• TASK GOAL:
The copy you give must match the lines from the top of the data through the line containing "Home Office, Interior, Recessed" exactly, and it must hold no pictures.

_ _ _

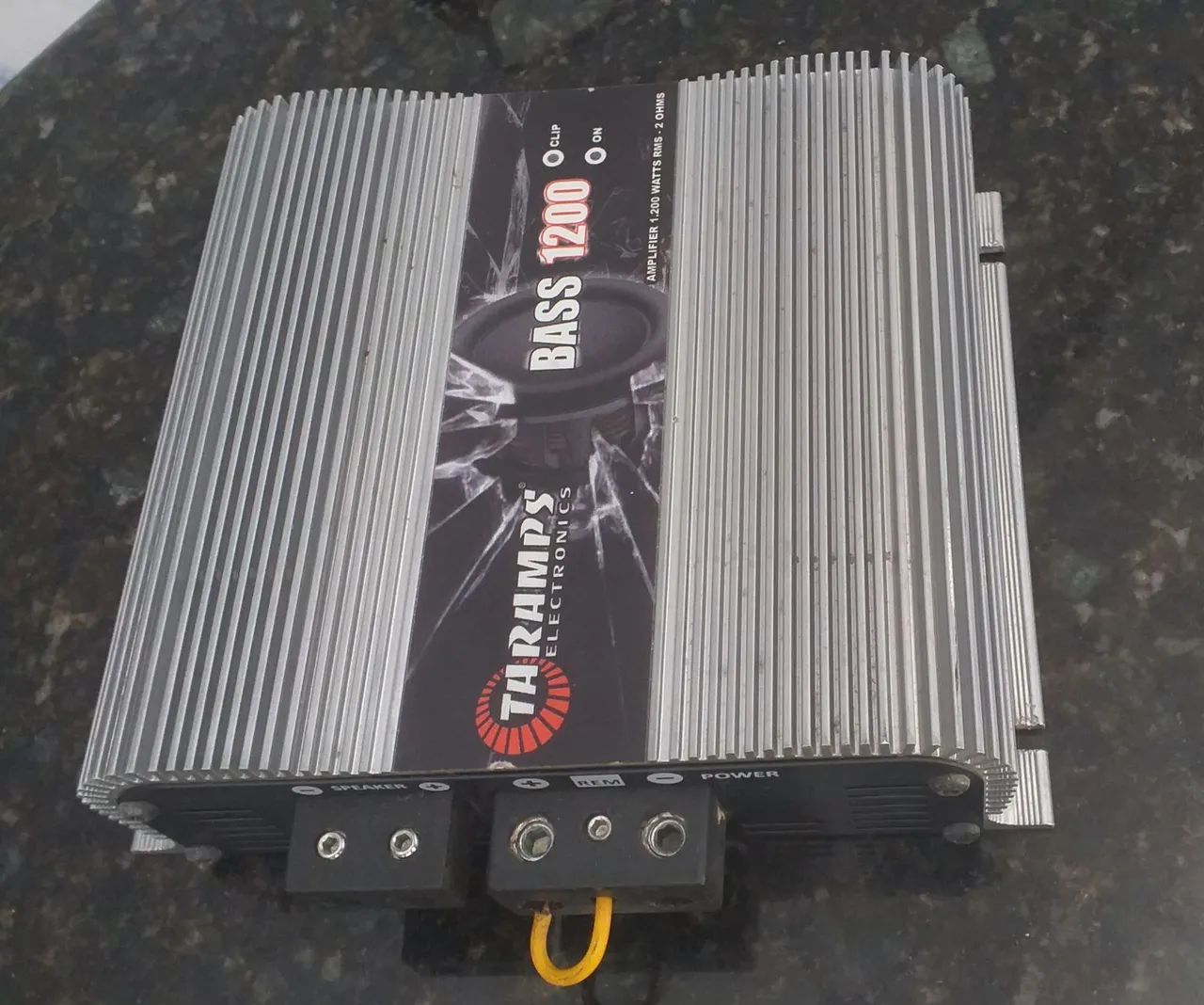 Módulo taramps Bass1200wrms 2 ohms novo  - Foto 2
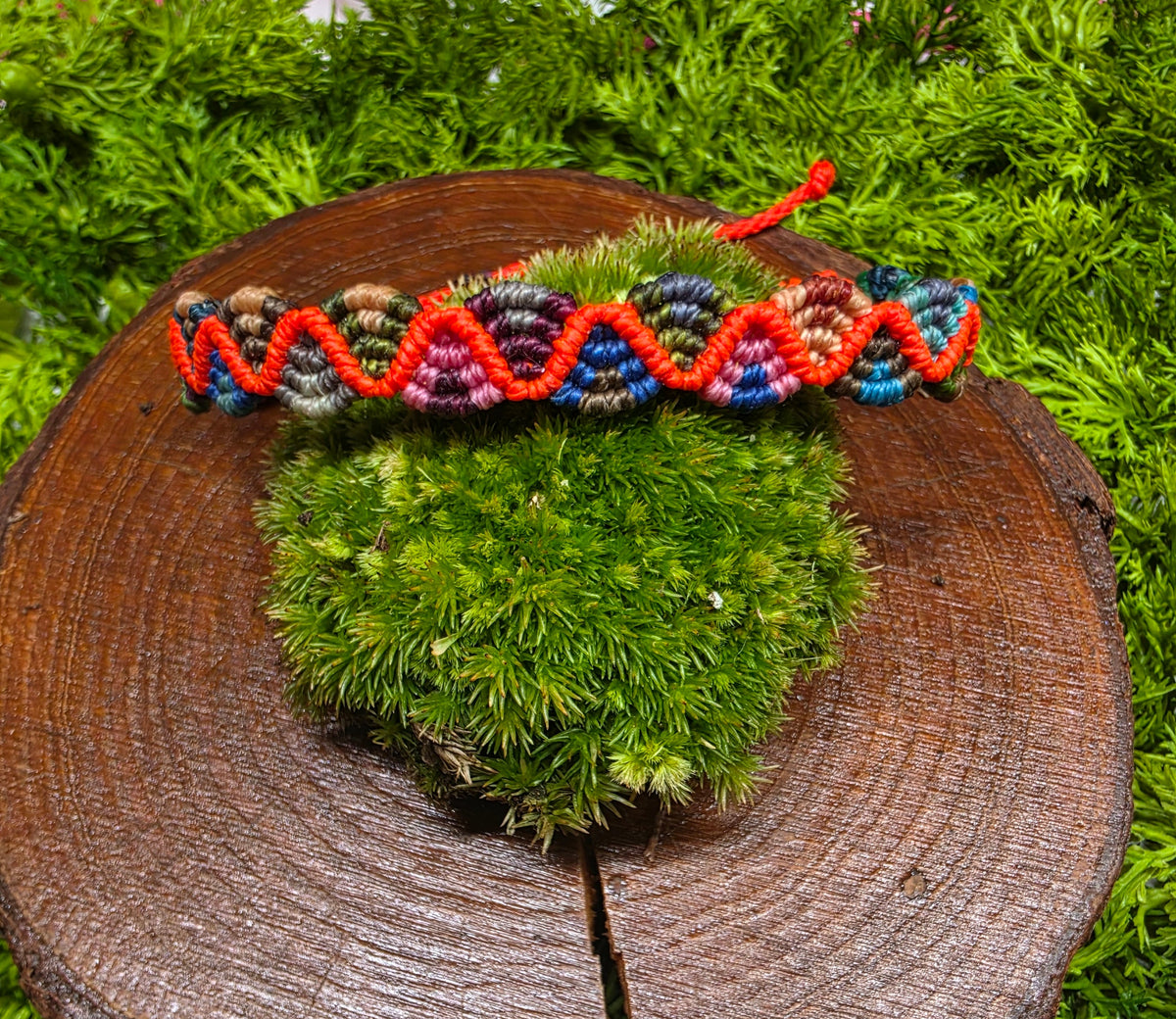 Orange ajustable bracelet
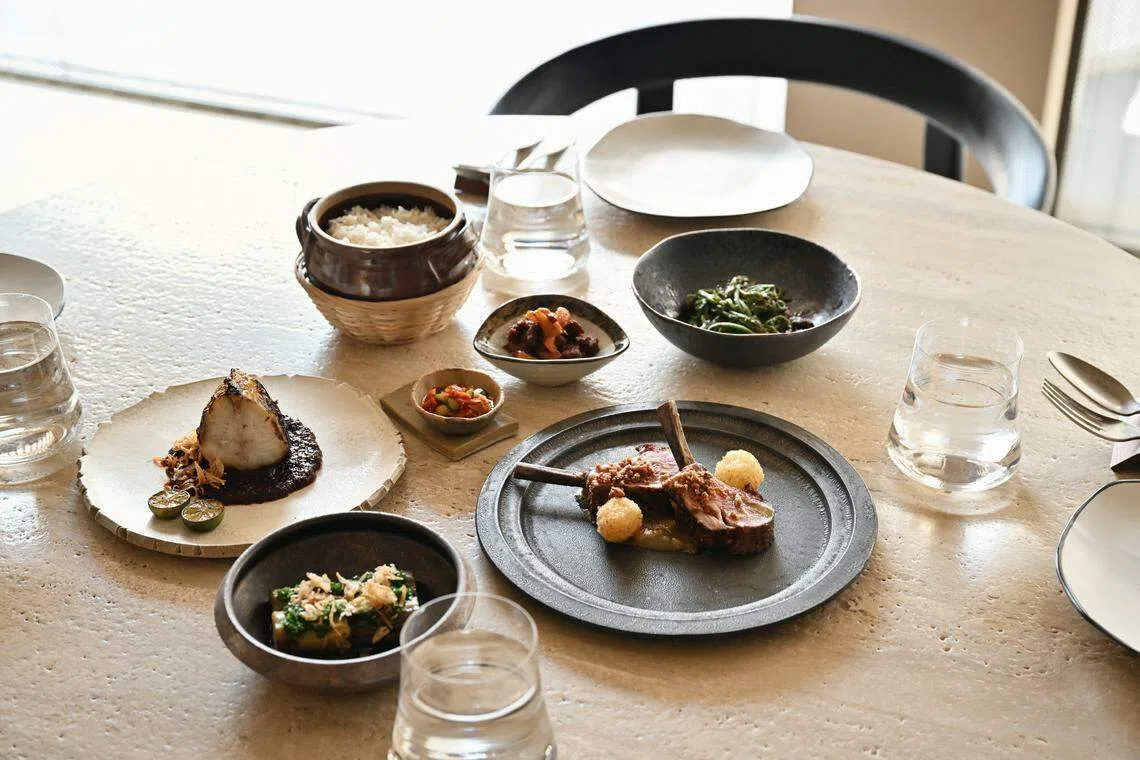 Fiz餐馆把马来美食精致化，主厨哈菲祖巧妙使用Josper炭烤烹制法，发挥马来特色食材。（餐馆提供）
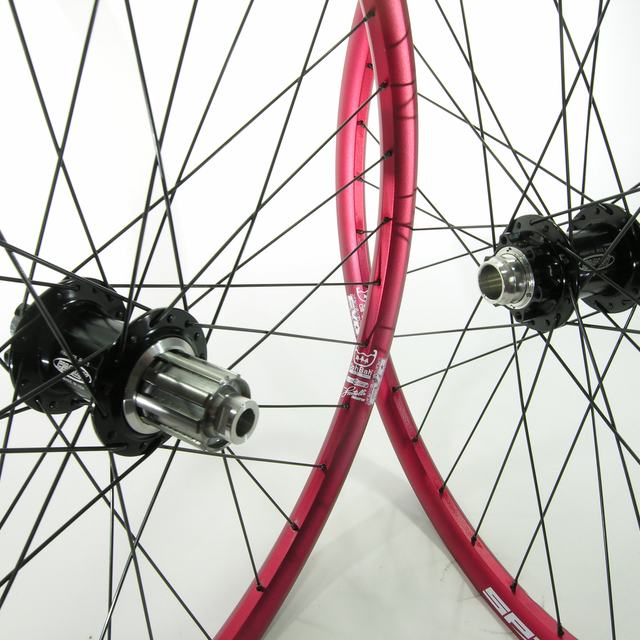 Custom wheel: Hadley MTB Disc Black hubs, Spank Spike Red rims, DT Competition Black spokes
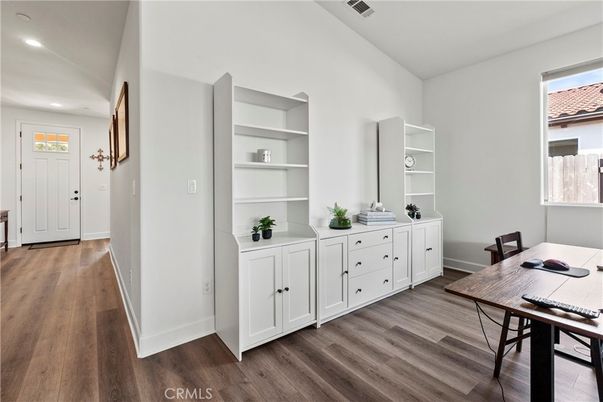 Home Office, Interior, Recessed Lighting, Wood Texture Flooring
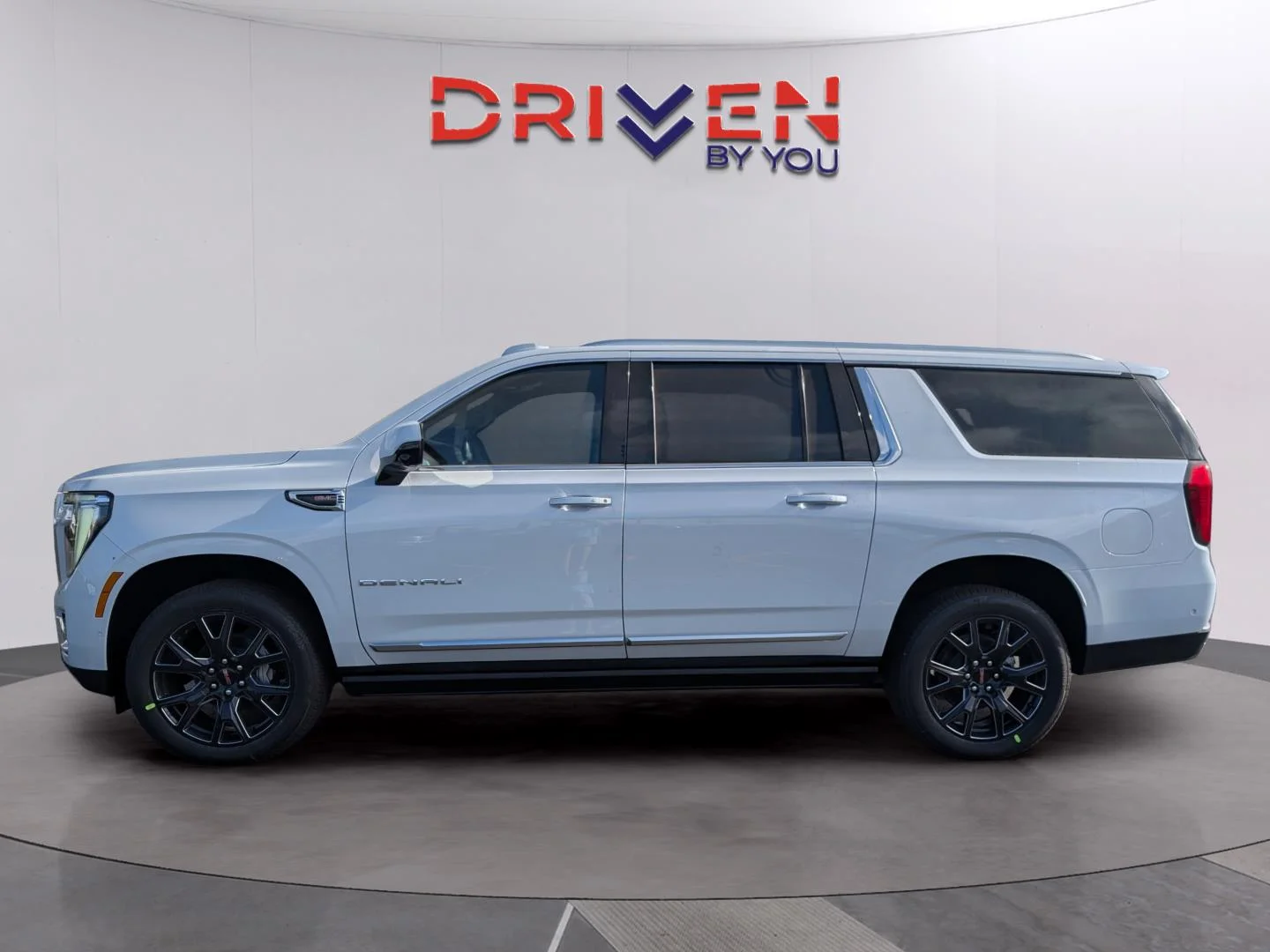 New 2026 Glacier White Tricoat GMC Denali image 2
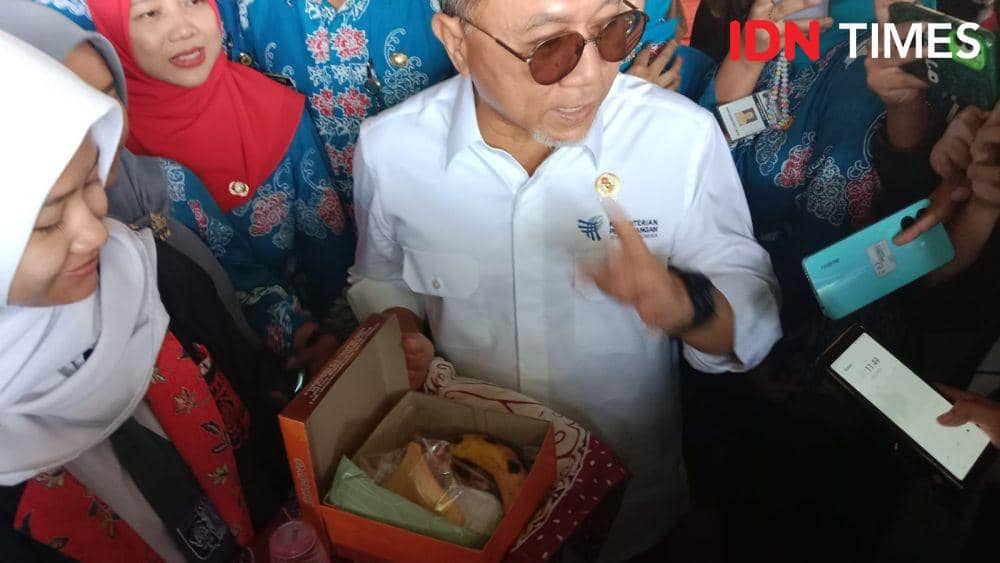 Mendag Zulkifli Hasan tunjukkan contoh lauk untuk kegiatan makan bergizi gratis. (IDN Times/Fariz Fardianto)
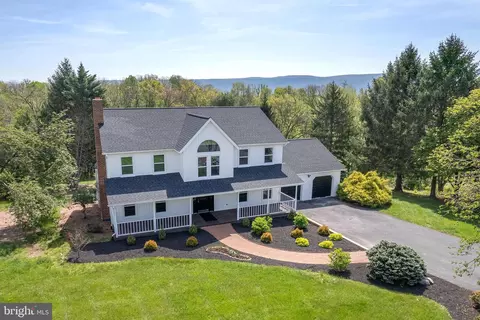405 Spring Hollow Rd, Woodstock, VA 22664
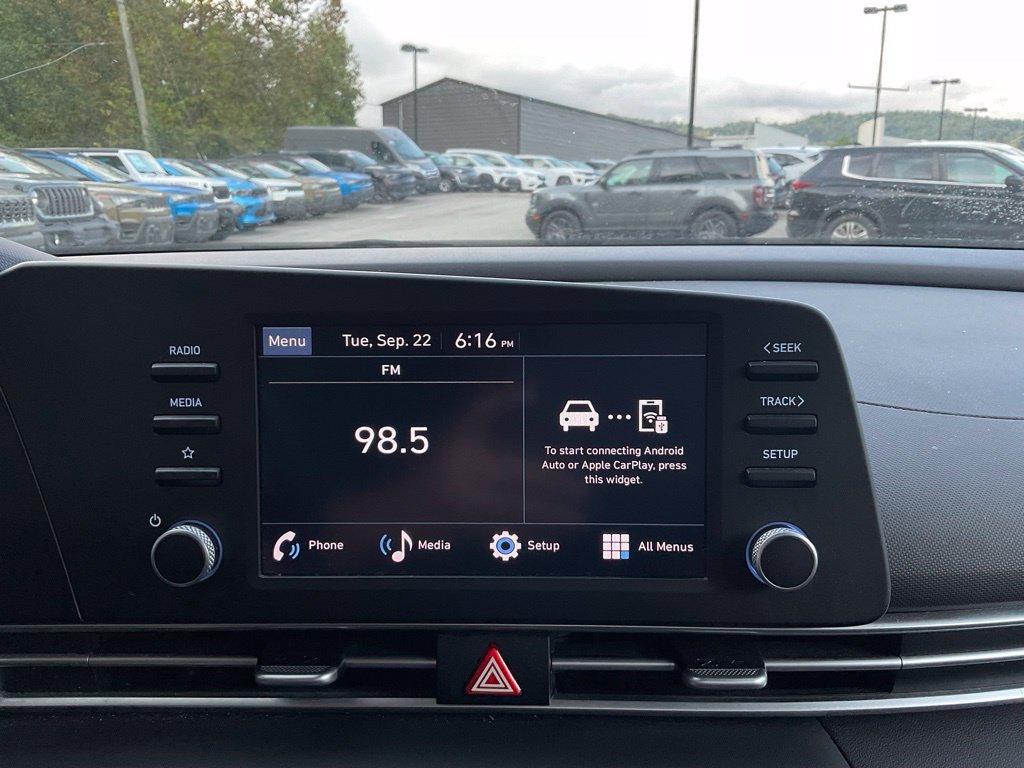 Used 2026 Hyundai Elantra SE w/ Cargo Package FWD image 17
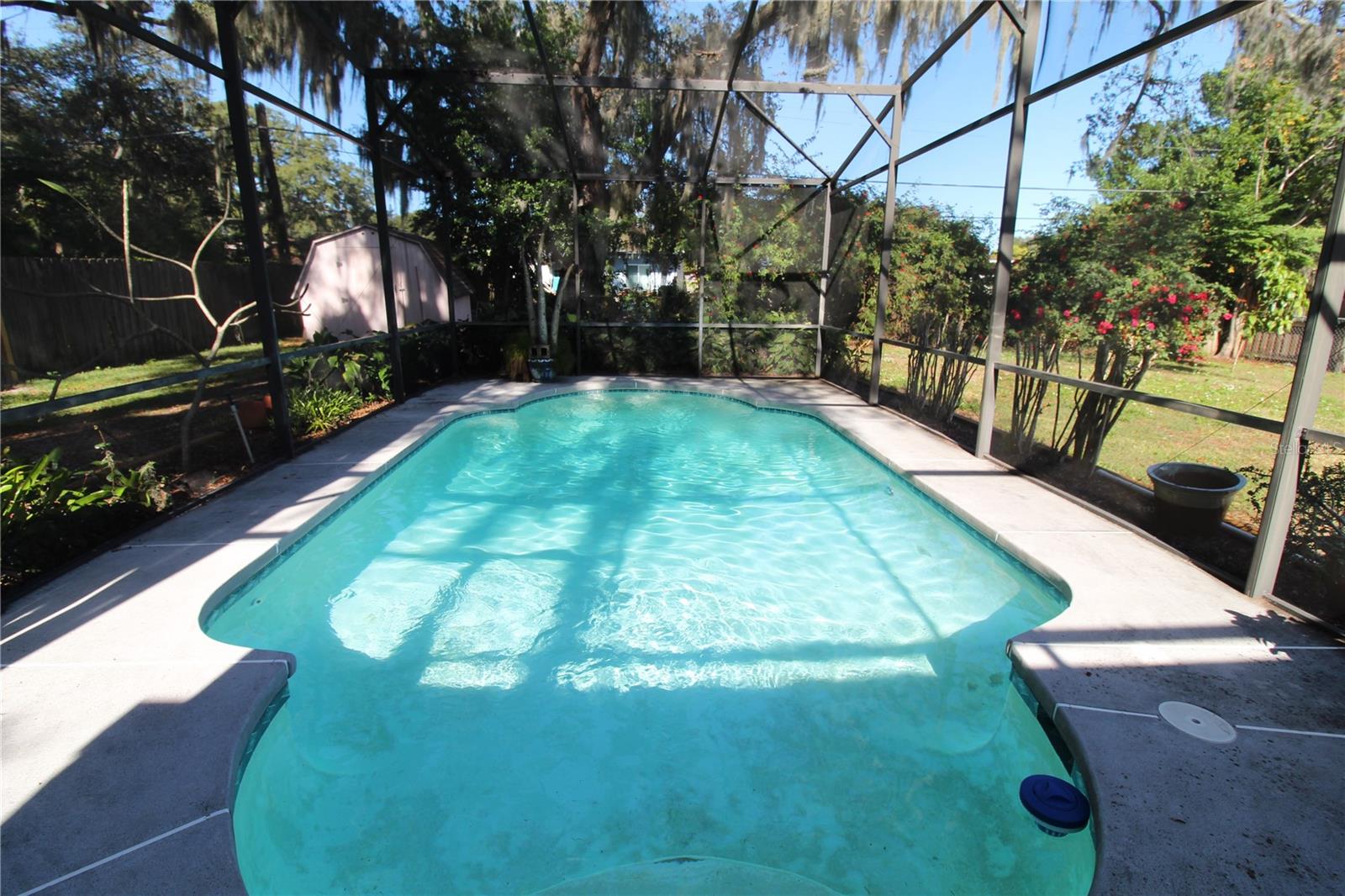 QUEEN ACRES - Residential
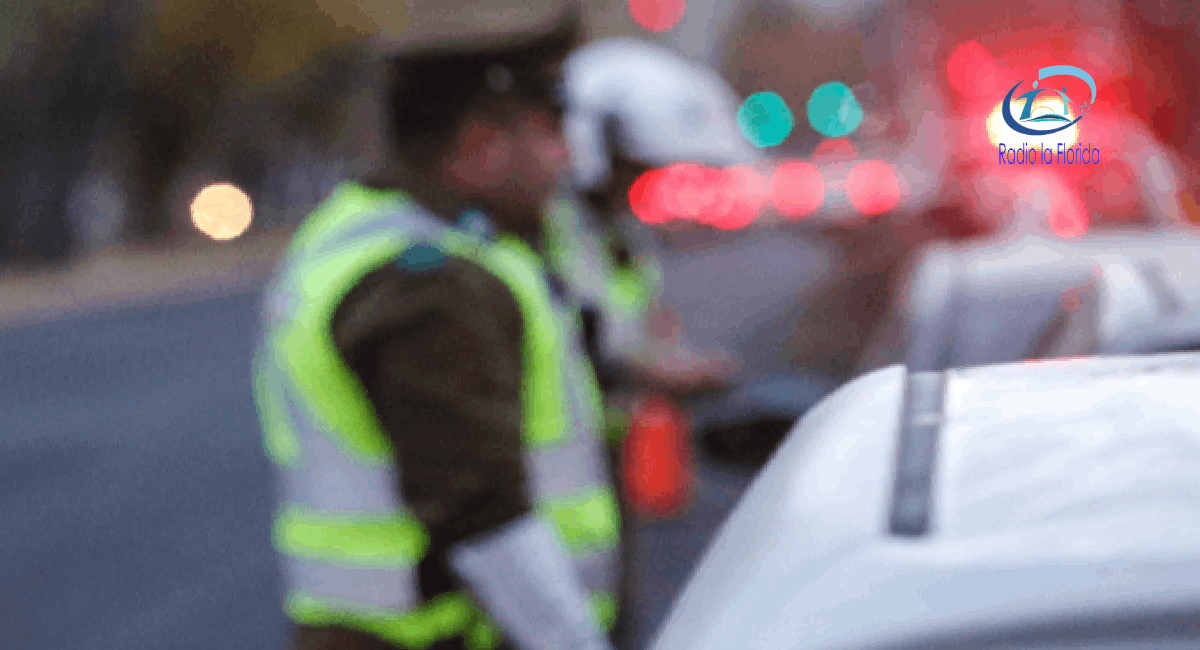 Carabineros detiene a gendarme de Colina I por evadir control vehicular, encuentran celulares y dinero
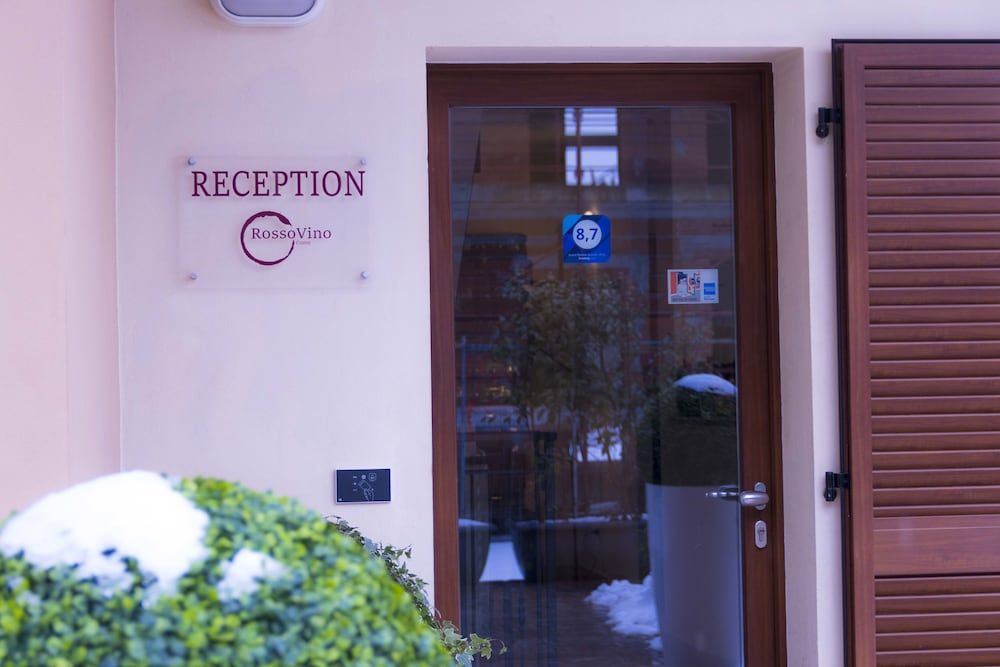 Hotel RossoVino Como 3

_ _ _

• PROBLEM SOLUTION:
 Módulo taramps Bass1200wrms 2 ohms novo  - Foto 2
 Orange ajustable bracelet
 Fiz餐馆把马来美食精致化，主厨哈菲祖巧妙使用Josper炭烤烹制法，发挥马来特色食材。（餐馆提供）
 Custom wheel: Hadley MTB Disc Black hubs, Spank Spike Red rims, DT Competition Black spokes
 Home Office, Interior, Recessed Lighting, Wood Texture Flooring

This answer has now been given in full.